Set objReferenceMatches = objRegExp.Execute(objCell.Formula)
intReferenceCount = 0
For Each objMatch In objReferenceMatches
intReferenceCount = intReferenceCount + 1
Next
Debug.Print objCell.Formula
For intIndex = intReferenceCount - 1 To 0 Step -1
booIsReference = True
For Each objMatch In objStringMatches
If objReferenceMatches(intIndex).FirstIndex > objMatch.FirstIndex _
And objReferenceMatches(intIndex).FirstIndex < objMatch.FirstIndex + objMatch.Length Then
booIsReference = False
Exit For
End If
Next
If booIsReference Then
objRegExp.Pattern = "(\'.*(\[.*\])?([^\:\\\/\?\*\[\]]{1,31}\:)?[^\:\\\/\?\*\[\]]{1,31}\'\!" _
& "|(\[.*\])?([^\:\\\/\?\*\[\]]{1,31}\:)?[^\:\\\/\?\*\[\]]{1,31}\!)?" _
& "(\$?[a-z]{1,3}\$?[0-9]{1,7}(\:\$?[a-z]{1,3}\$?[0-9]{1,7})?" _
& "|\$[a-z]{1,3}\:\$[a-z]{1,3}" _
& "|[a-z]{1,3}\:[a-z]{1,3}" _
& "|\$[0-9]{1,7}\:\$[0-9]{1,7}" _
& "|[0-9]{1,7}\:[0-9]{1,7})"
If Not objRegExp.Test(objReferenceMatches(intIndex).Value) Then 'reference is not A1
objRegExp.Pattern = "^(\'.*(\[.*\])?([^\:\\\/\?\*\[\]]{1,31}\:)?[^\:\\\/\?\*\[\]]{1,31}\'\!" _
& "|(\[.*\])?([^\:\\\/\?\*\[\]]{1,31}\:)?[^\:\\\/\?\*\[\]]{1,31}\!)" _
& "[a-z_\\][a-z0-9_\.]{0,254}$"
If Not objRegExp.Test(objReferenceMatches(intIndex).Value) Then 'name is not external
booNameFound = False
For Each objName In objCell.Worksheet.Parent.Names
If objReferenceMatches(intIndex).Value = objName.Name Then
booNameFound = True
Exit For
End If
Next
If Not booNameFound Then
objRegExp.Pattern = "^(\'.*(\[.*\])?([^\:\\\/\?\*\[\]]{1,31}\:)?[^\:\\\/\?\*\[\]]{1,31}\'\!" _
& "|(\[.*\])?([^\:\\\/\?\*\[\]]{1,31}\:)?[^\:\\\/\?\*\[\]]{1,31}\!)"
For Each objName In objCell.Worksheet.Names
If objReferenceMatches(intIndex).Value = objRegExp.Replace(objName.Name, "") Then
booNameFound = True
Exit For
End If
Next
End If
booIsReference = booNameFound
End If
End If
End If
If booIsReference Then
Debug.Print " " & objReferenceMatches(intIndex).Value _
& " (" & objReferenceMatches(intIndex).FirstIndex & ", " _
& objReferenceMatches(intIndex).Length & ")"
End If
Next intIndex
Debug.Print
End If
Next
Set objRegExp = Nothing
Set objStringMatches = Nothing
Set objReferenceMatches = Nothing
Set objMatch = Nothing
Set objCell = Nothing
Set objName = Nothing
End Sub
Can anyone break or improve this?

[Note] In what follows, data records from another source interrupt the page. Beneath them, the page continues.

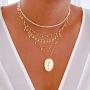Cowlyn Pearl Necklace Baroque Cultured Strands Short Dainty Choker Tiny Chain Delicate Handmade Vintage Christmas Valentine Gift Packaging Jewelry Women Girls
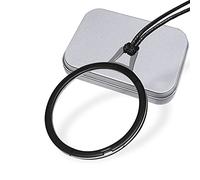 LUFF Necklace Reading Glasses Men Women, Pendant Portable Anti-loss Reader | Hanging Neck&Handheld Use| Compact Folding Lightweight Convenient| HD Wider Vision Comfort|Adjustable Lanyard |With Hard Case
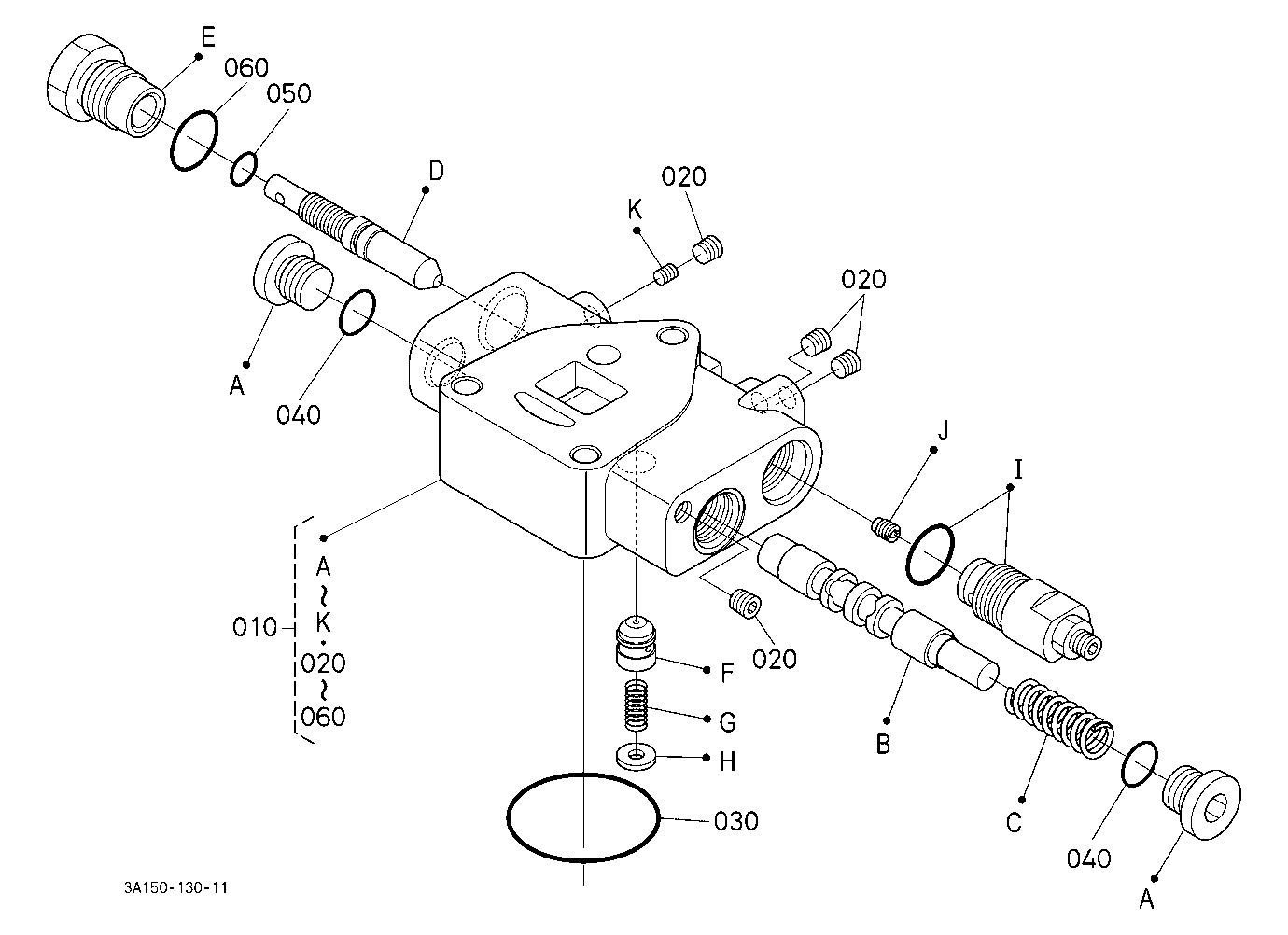 Auxiliary Control Valve (Fc) [Component Parts] [Op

Without exhaustive documentation on Excel's formula syntax it is difficult to know if this is correct.
Thanks!
jtolle steered me in the right direction. As far as I can tell, this is what I was trying to do. I've been testing and it seems to work.

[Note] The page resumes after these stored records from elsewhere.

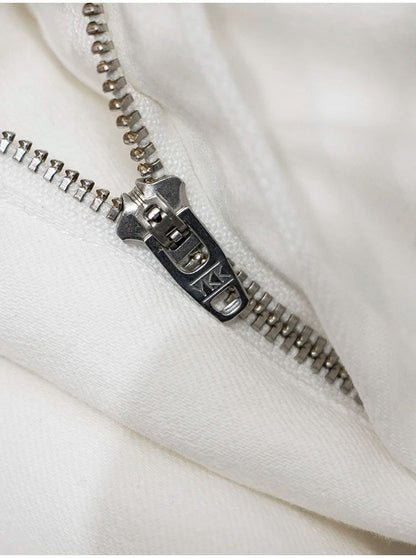 BC Elastic, comfortable and breathable summer men's versatile casual loose white shorts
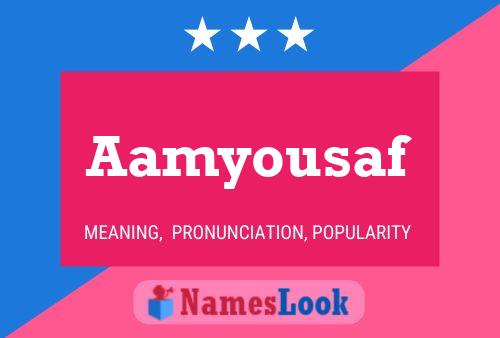 ملصق اسم Aamyousaf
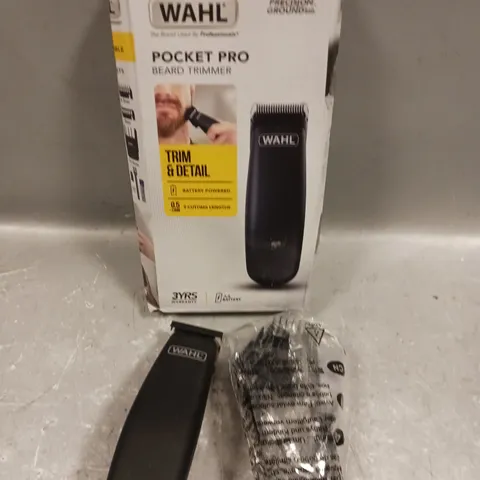 BOXED WAHL POCKET PRO BEARD TRIMMER 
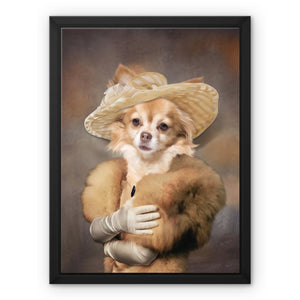 Grace (Peaky Blinders Inspired): Custom Pet Canvas - Paw & Glory - Dog Portraits - Pet Portraits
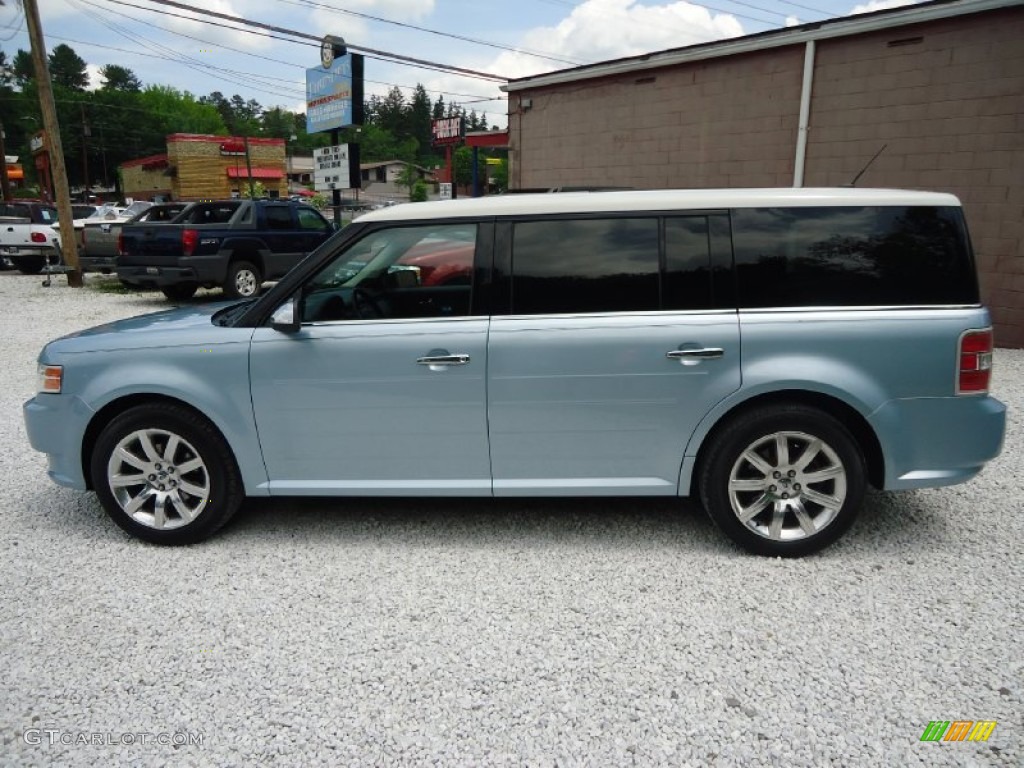 2009 Flex Limited AWD - Light Ice Blue Metallic / Charcoal Black photo #6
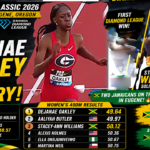 Dejanae Oakley makes history by winning her first diamond in the women's 400m at the prefontaine classic 2026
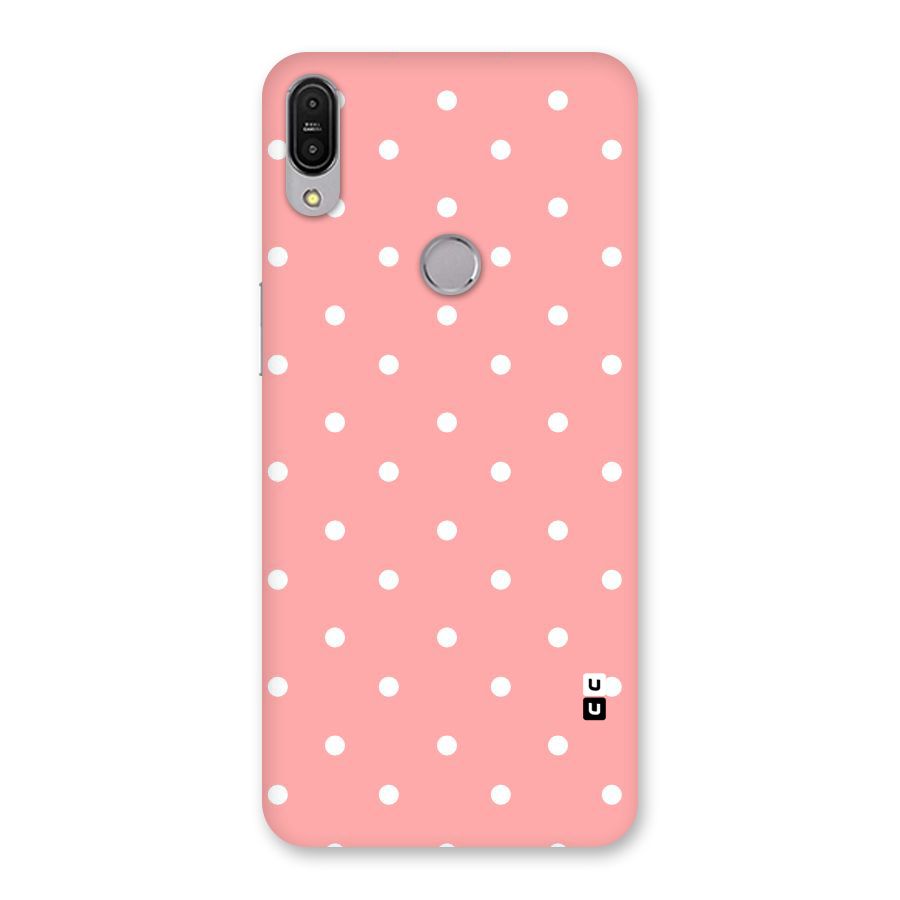 Peach Polka Pattern Back Case for Zenfone Max Pro M1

stringOriginFormula = rangeOrigin.Formula
rangeOrigin.Cut rangeDestination
rangeOrigin.Formula = stringOriginFormula
Thanks jtolle!
I'm a few years late here, but I was looking for something similar and so dug into this. The main pattern you use is this:
objRegExp.Pattern = "(\'.*(\[.*\])?([^\:\\\/\?\*\[\]]{1,31}\:)?[^\:\\\/\?\*\[\]]{1,31}\'\!" _
& "|(\[.*\])?([^\:\\\/\?\*\[\]]{1,31}\:)?[^\:\\\/\?\*\[\]]{1,31}\!)?" _
& "(\$?[a-z]{1,3}\$?[0-9]{1,7}(\:\$?[a-z]{1,3}\$?[0-9]{1,7})?" _
& "|\$[a-z]{1,3}\:\$[a-z]{1,3}" _
& "|[a-z]{1,3}\:[a-z]{1,3}" _
& "|\$[0-9]{1,7}\:\$[0-9]{1,7}" _
& "|[0-9]{1,7}\:[0-9]{1,7}" _
& "|[a-z_\\][a-z0-9_\.]{0,254})"
Basically you have six alternatives for a range reference (lines 3-8), any of which will produce a match by itself, with two alternatives for an optional filename/sheet name prefix (lines 1-2).

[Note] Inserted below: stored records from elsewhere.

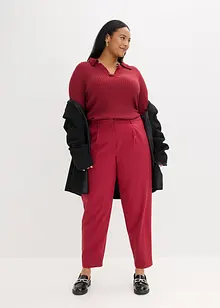 Finstickad tröja med klädsam krage, bonprix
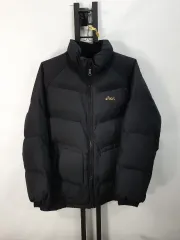 アシックス ダウン パファー ジャケット ブラック 100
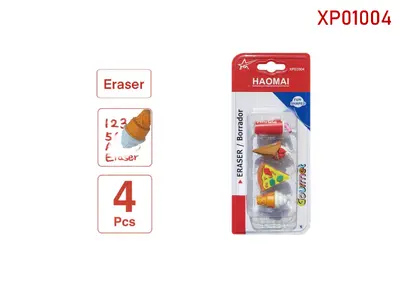 XP01004 Set of 4 Erasers
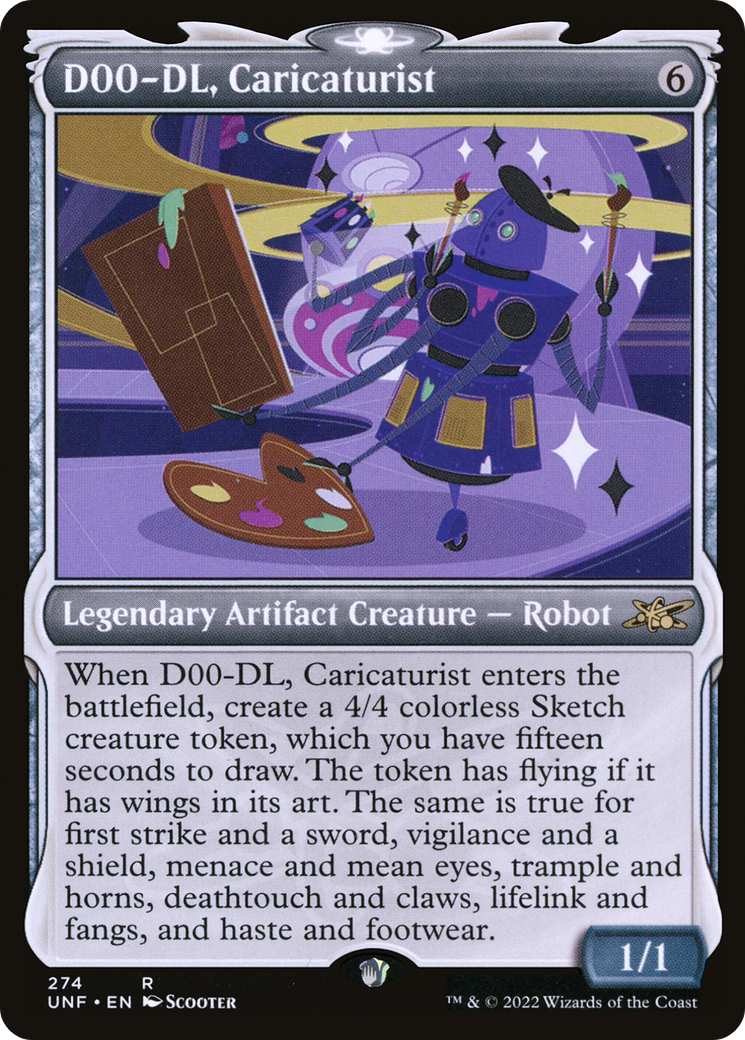 Image of D00-DL, Caricaturist (Showcase) (UNF-274) - Unfinity: (Showcase) Foil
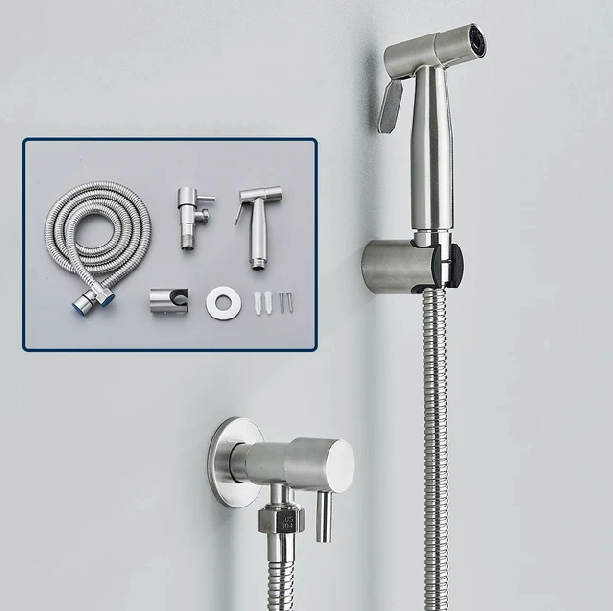 Douchette Salle de Bain Design Chromé
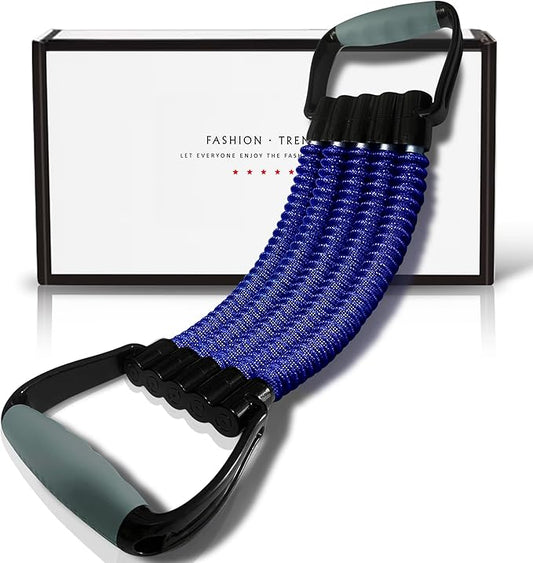 5-Level Chest Expander with Adjustable Resistance Bands, Exercise Band with Handle, Suitable for Men and Women of Different Strength Classes Fitness, Yoga, Training Home Gym Equipment-GravixFit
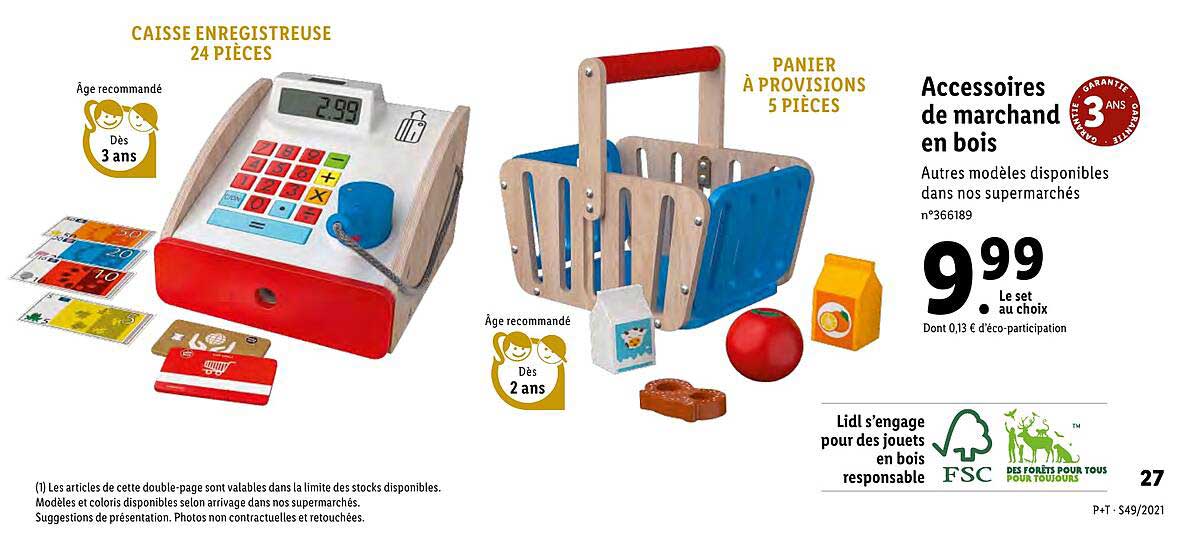 accessoires de marchand en bois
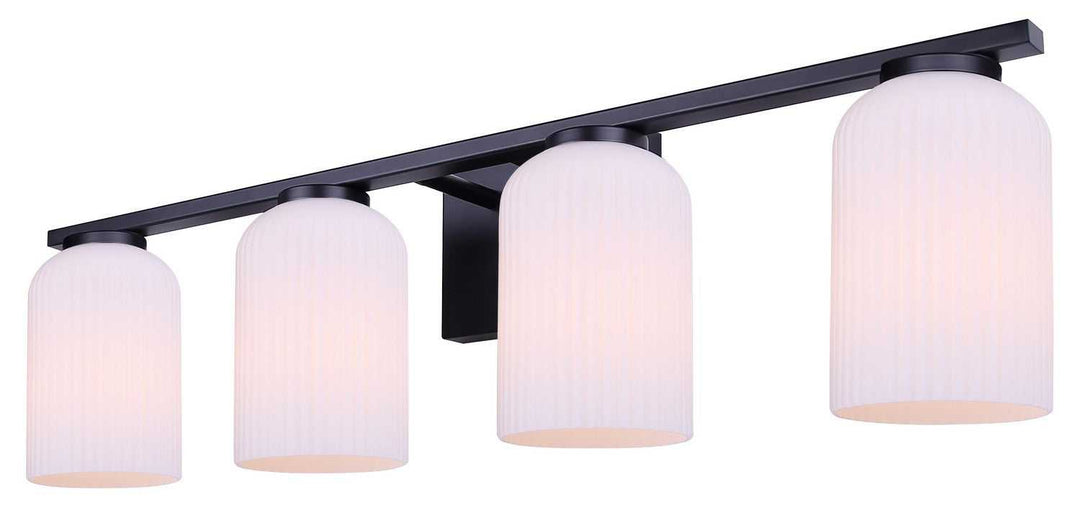 Bram Four Light Vanity in Matte Black Canarm Canada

For the two prefix alternatives, the only difference is that the first is wrapped in single quotes, with an extra dot star after the initial quote. These single quotes occur mainly when there is a space in a sheet name. The purpose of the dot star, matching unconstrained text after an initial single quote, is unclear and it appears to create problems. I'll discuss those problems below. Besides that the two alternative prefixes are the same, and I'll refer to them collectively as the Optional External Prefix (OEP).
The OEP has its own two optional prefixes (the same in either alternative). The first is for the workbook name, an open-ended dot star in brackets.
(\[.*\])?
The second is for a "3D" cell reference, with two sheet names separated by a colon; it is the initial sheet name including the colon. The pattern here is a negated character class allowing up to 31 characters of anything except forward slash, back slash, question mark, asterisk, brackets, or colon, followed by a colon:
([^\:\\\/\?\*\[\]]{1,31}\:)?
Finally for the OEP is its only required part: a sheet name, same as the optional sheet name but with no colon. The effect is (if these all worked correctly) that the required sheet name will match if it can, and then only if there is a 3d reference or additional prior bracketed text will its optional prefixes also match.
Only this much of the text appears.